Project checkpoint

Situation Normal, All’s Fine and Unconcerning

Schedule

We are behind schedule. Our original schedule had us at a point where we would have implemented a whole bunch of cool features (e.g. task abort and restart) by now. We failed to account for our relative unfamiliarity with a new programming language.

An updated schedule can be found here.

Work done

We have implemented the STM primitives the NOrec paper talks about, exactly how it says to do them. The STM system described in the paper only handles objects that can be read/written as words. We’re trying to present a better interface to this by using Rust features such as the Into<usize> trait to allow users to use our STM implementation for more types (they do, however, have to provide the conversion to usize (which is Rust’s platform-dependent pointer-sized unsigned integer). However, since we’re both fairly unfamiliar with Rust, we haven’t gotten this to compile yet.

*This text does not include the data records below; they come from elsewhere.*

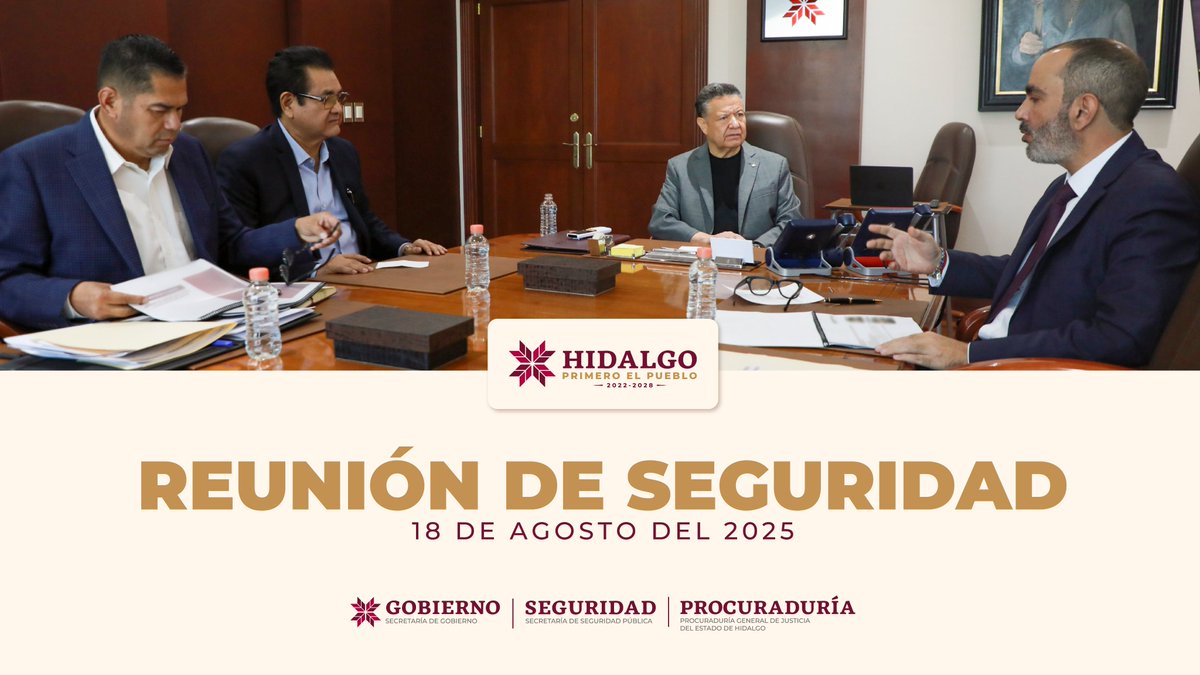 Julio Menchaca (@juliomenchaca_) on Twitter photo Esta tarde sostuve la reunión semanal con el gabinete de seguridad: <a href="/SEGOBHidalgo/">Secretaría de Gobierno de Hidalgo</a>, <a href="/SSP_Hidalgo/">Seguridad Pública de Hidalgo</a> y <a href="/PGJE_Hidalgo/">Procuraduría General de Justicia de Hidalgo</a>.
Revisamos los avances y acciones más destacadas para seguir fortaleciendo la tranquilidad en nuestro estado.
Enseguida te comparto lo más importante. 👇🏻 Esta tarde sostuve la reunión semanal con el gabinete de seguridad: <a href="/SEGOBHidalgo/">Secretaría de Gobierno de Hidalgo</a>, <a href="/SSP_Hidalgo/">Seguridad Pública de Hidalgo</a> y <a href="/PGJE_Hidalgo/">Procuraduría General de Justicia de Hidalgo</a>.
Revisamos los avances y acciones más destacadas para seguir fortaleciendo la tranquilidad en nuestro estado.
Enseguida te comparto lo más importante. 👇🏻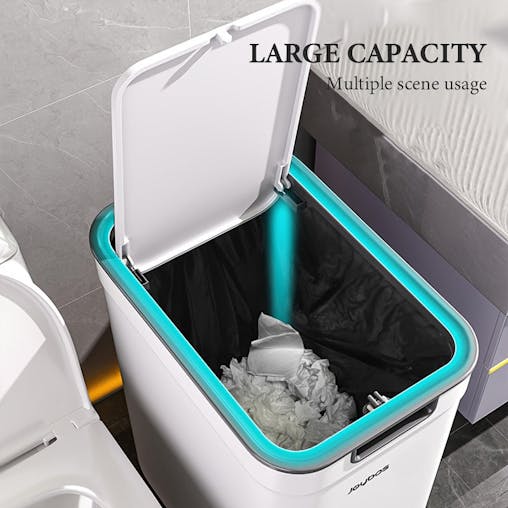 NNETM 2pcs Sleek White Trash Cans with Odor-Seal Lids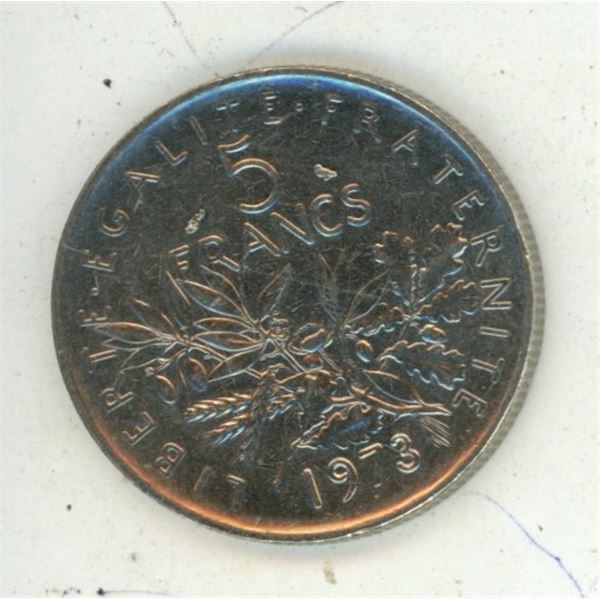 1973 France 5 Franc Coin.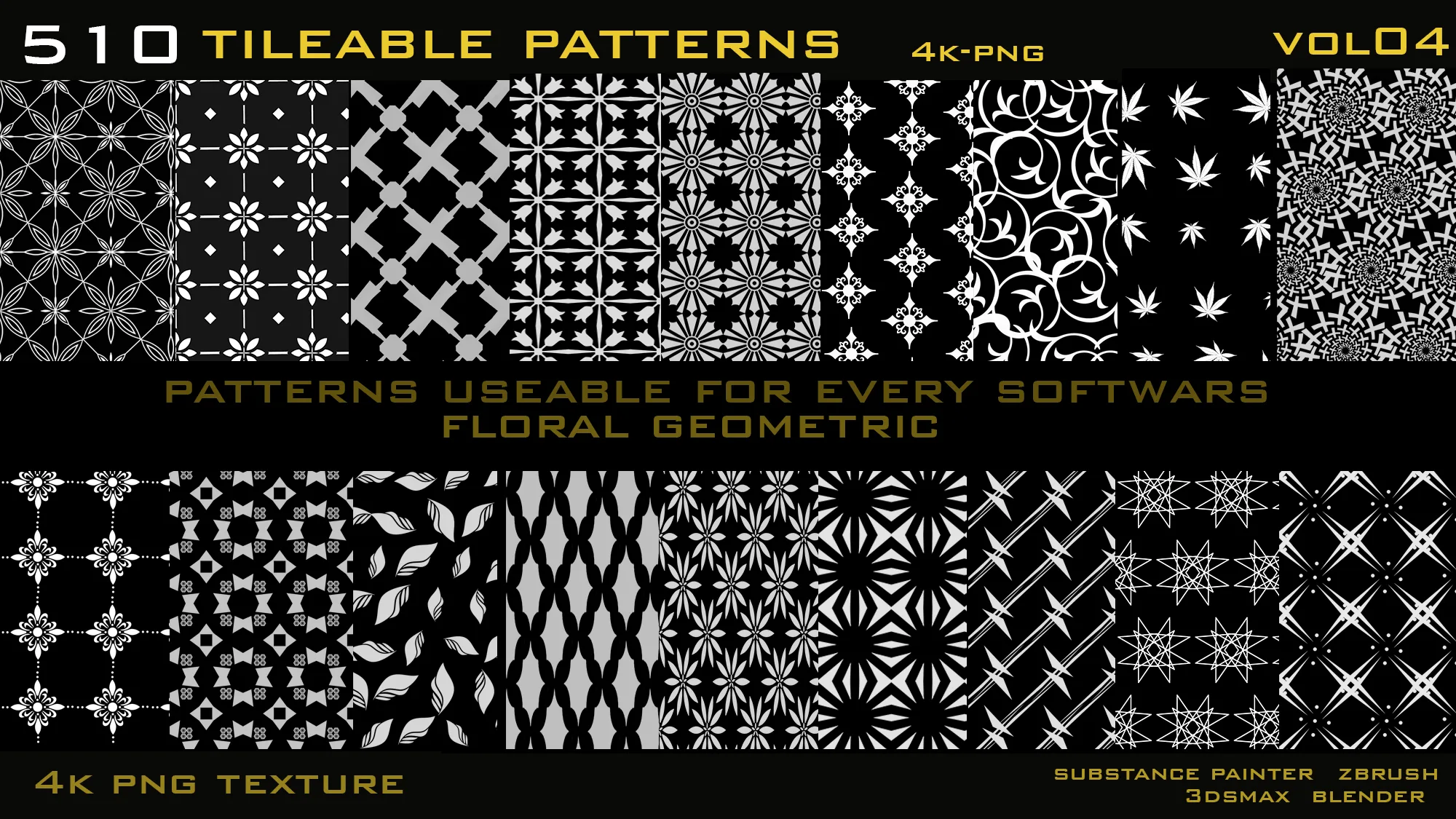 510 Ornamental Alphas- Tileable patterns-4k png textures vol04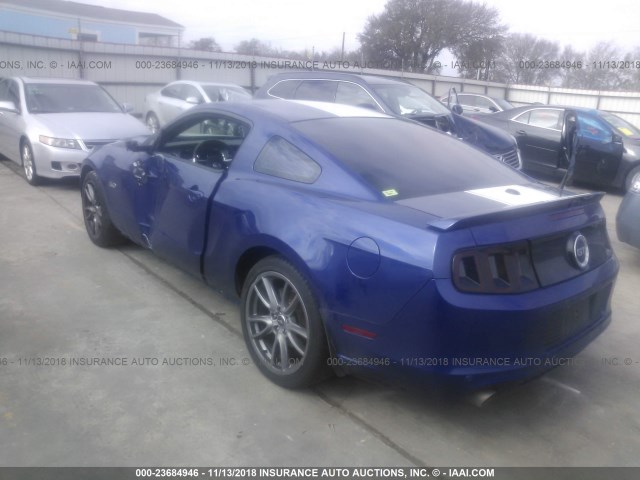 1ZVBP8CFXE5332814 - 2014 FORD MUSTANG GT BLUE photo 3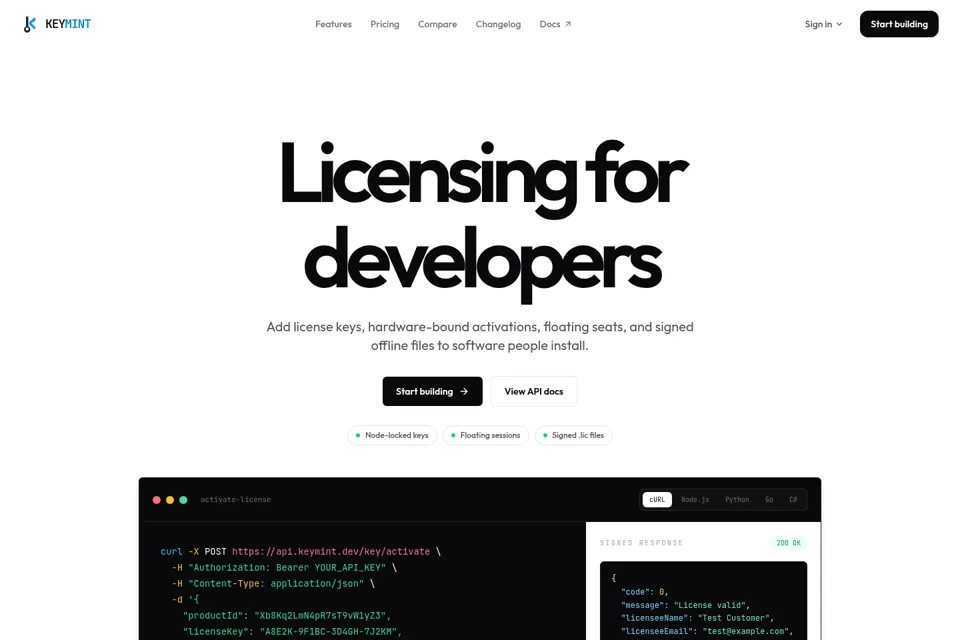 Landing page preview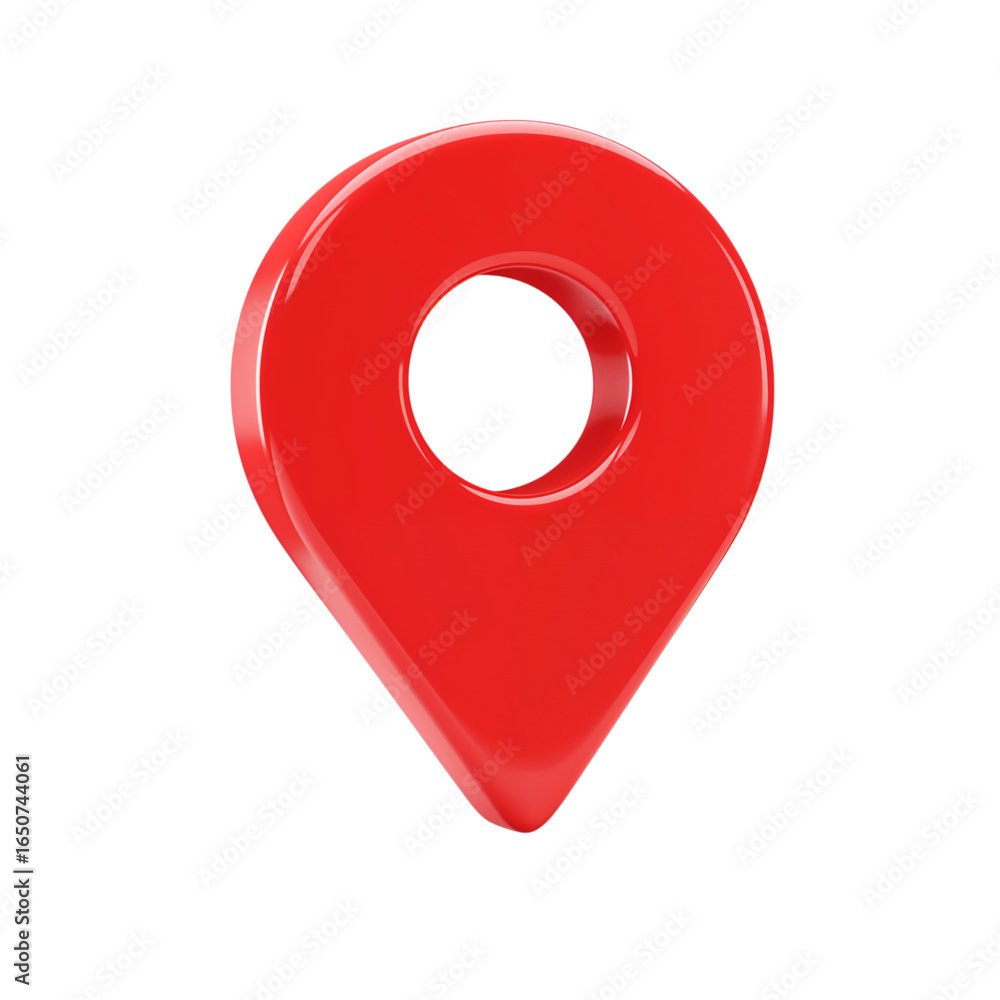 Poster glossy red 3d map pointer icon representing location and navigation isolated on transparent backgrou
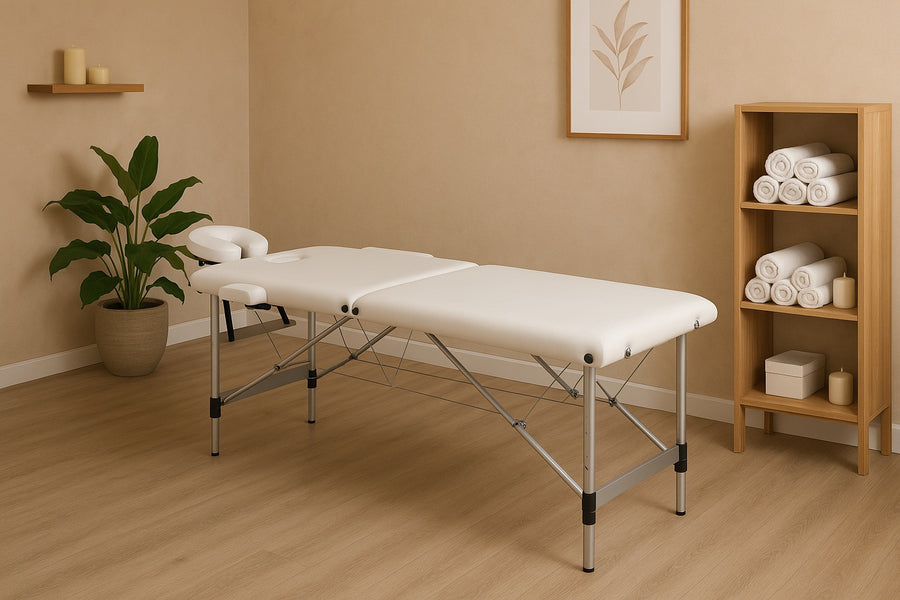 Massagebänk 195 x 70 cm, vit – 2 zoner, 225 kg, aluminiumram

In addition, the library interface is somewhat ugly right now. For instance, our implementation of a transaction abort requires the user to wrap certain library functions with a try! macro; we feel it is suboptimal to foist this responsibility onto the user.

Goals and deliverables

We believe that we can work out these issues over the next few days and finish off deliverable number 1, which is of course the STM library itself. Then we’ll start writing benchmarks (e.g. hand-over-hand locking trees vs STM trees). We should still be on track to hit the original deliverables that we listed on the proposal.

It’s unlikely that we’ll have time to mess with pessimistic STM or have too pretty an abort interface for our STM library at this rate.

To summarise our goals for the project presentation deadline:

  1. An STM library
  2. A testing harness
  3. Benchmarks, written with our library, with another STM implementation, and without STM

Presentation plan

We have yet to decide what our presentation should look like. However, we will most likely aim to demonstrate the performance benefits of using our STM library to synchronize multithreaded access to shared data over using traditional locks. We also plan to log the performance of our library as we add changes and make progress along the way. The results will probably be presented in the form of graphs/charts.

Major concerns

We are still learning Rust. It has many interesting features such as concepts of borrowing and ownership that we have yet to fully grasp. Also, as we have not yet been able to get our library to compile, we do not know if there are any major correctness or efficiency issues that might necessitate a large redesign of our library.